TASK BRIEF –
The entries must be repeated verbatim, and their images left out.

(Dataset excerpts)

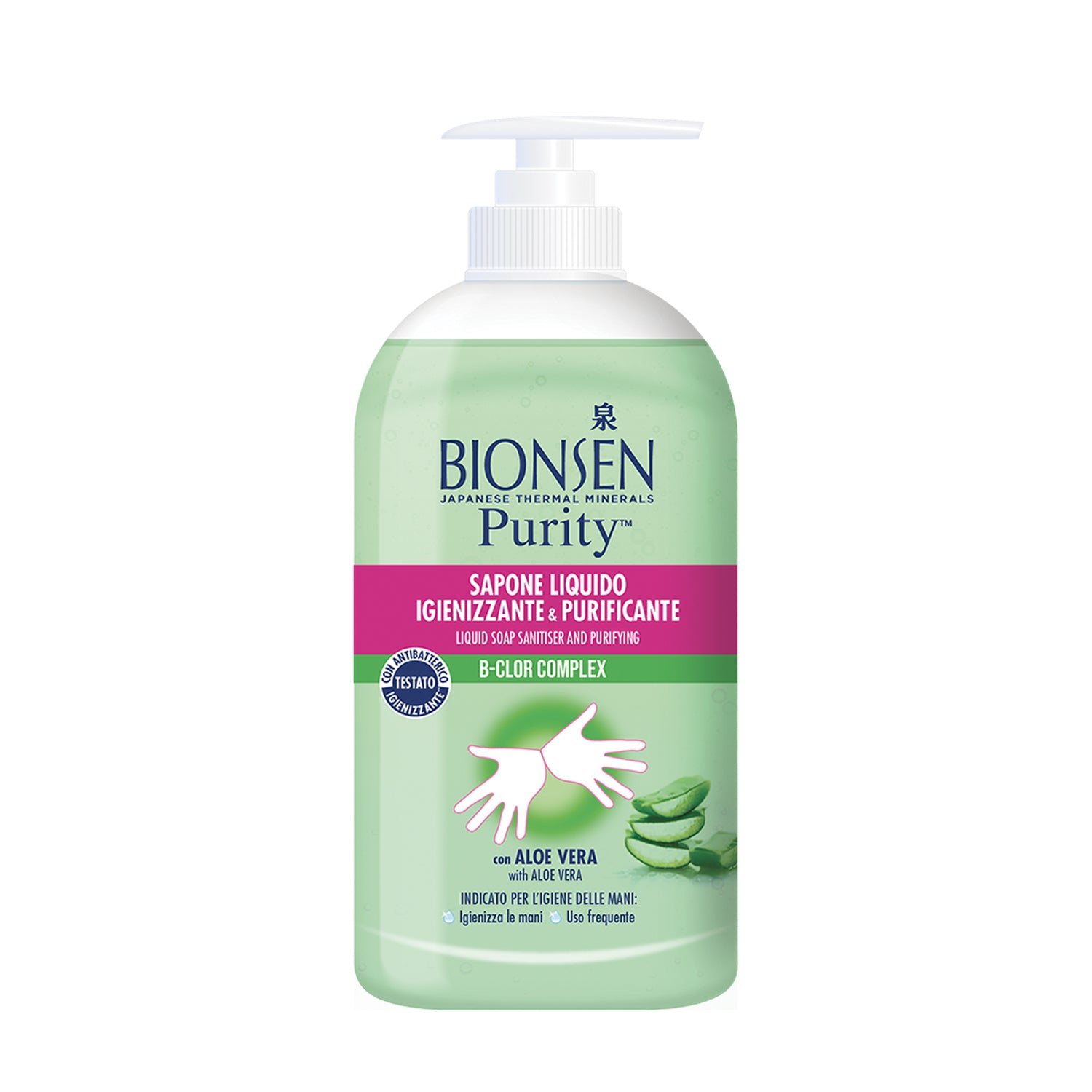 BIONSEN SEIFE 500ML ALOE VERA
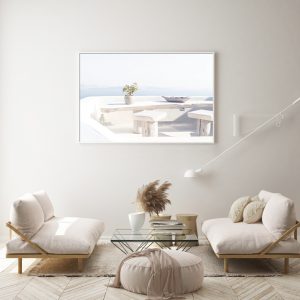 Wall Art - Santorini - Canvas Prints-Poster Prints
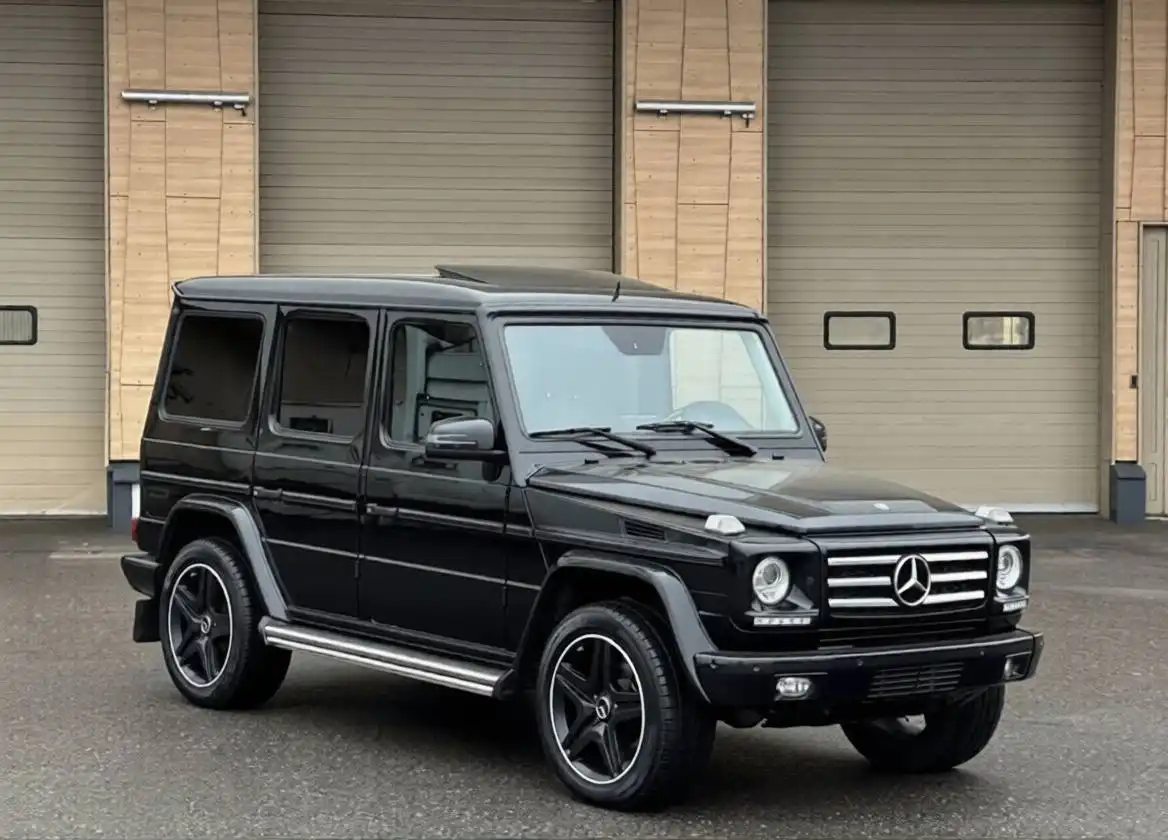 Mercedes-Benz G-Class 2015 года, дизель 245 л.с., пробег 125000 км - Внедорожники (Авто) в Санкт-Петербург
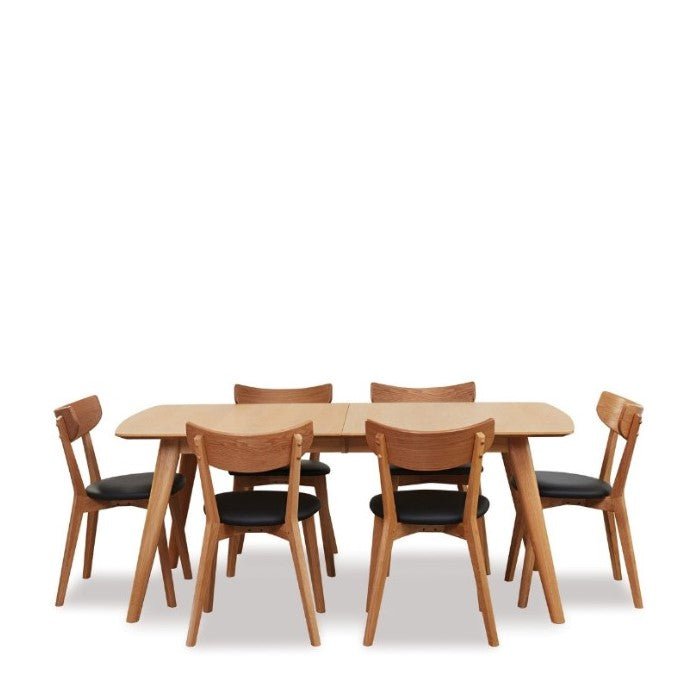 Rho & Pero Dining Suite 1800w to 2700w (7 Pce) - Paulas Home & Living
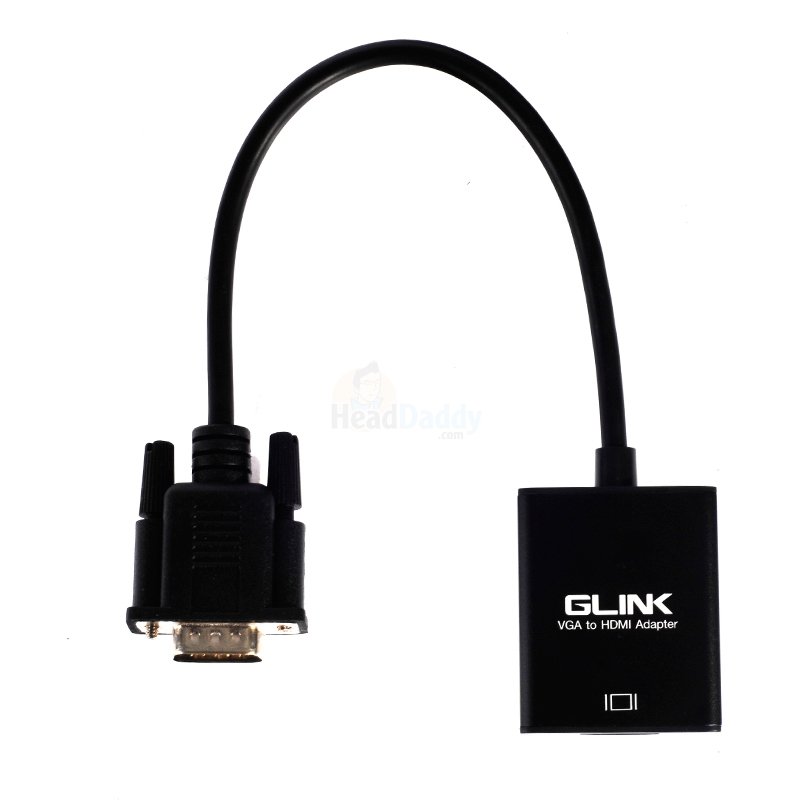 Converter VGA TO HDMI AUDIO GLINK (GL009)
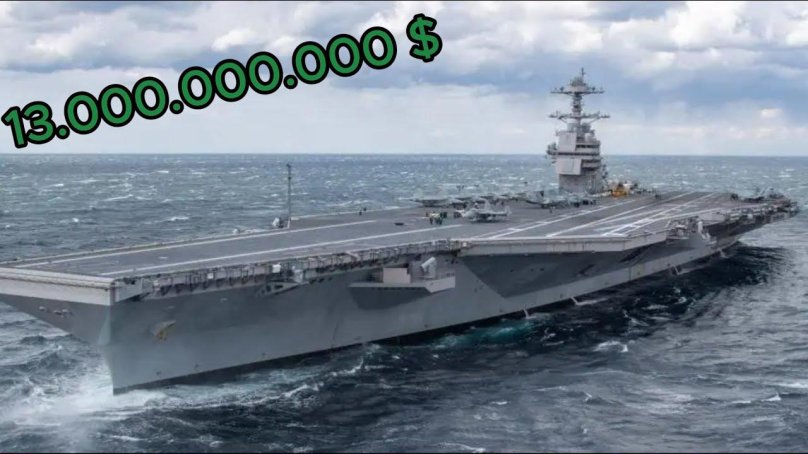 USS Gerald r. Ford CVN-78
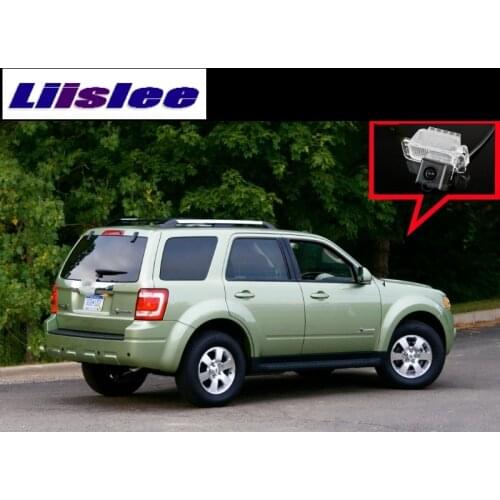 Liislee Car Camera For Ford Escape 2007~2012 rearview Rear View Back Up Camera For NTSC to Use | CCD + RCA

SOLUTION TO THE EXERCISE –
 BIONSEN SEIFE 500ML ALOE VERA
 Wall Art - Santorini - Canvas Prints-Poster Prints
 Mercedes-Benz G-Class 2015 года, дизель 245 л.с., пробег 125000 км - Внедорожники (Авто) в Санкт-Петербург
 Rho & Pero Dining Suite 1800w to 2700w (7 Pce) - Paulas Home & Living
 Converter VGA TO HDMI AUDIO GLINK (GL009)
 USS Gerald r. Ford CVN-78
 Liislee Car Camera For Ford Escape 2007~2012 rearview Rear View Back Up Camera For NTSC to Use | CCD + RCA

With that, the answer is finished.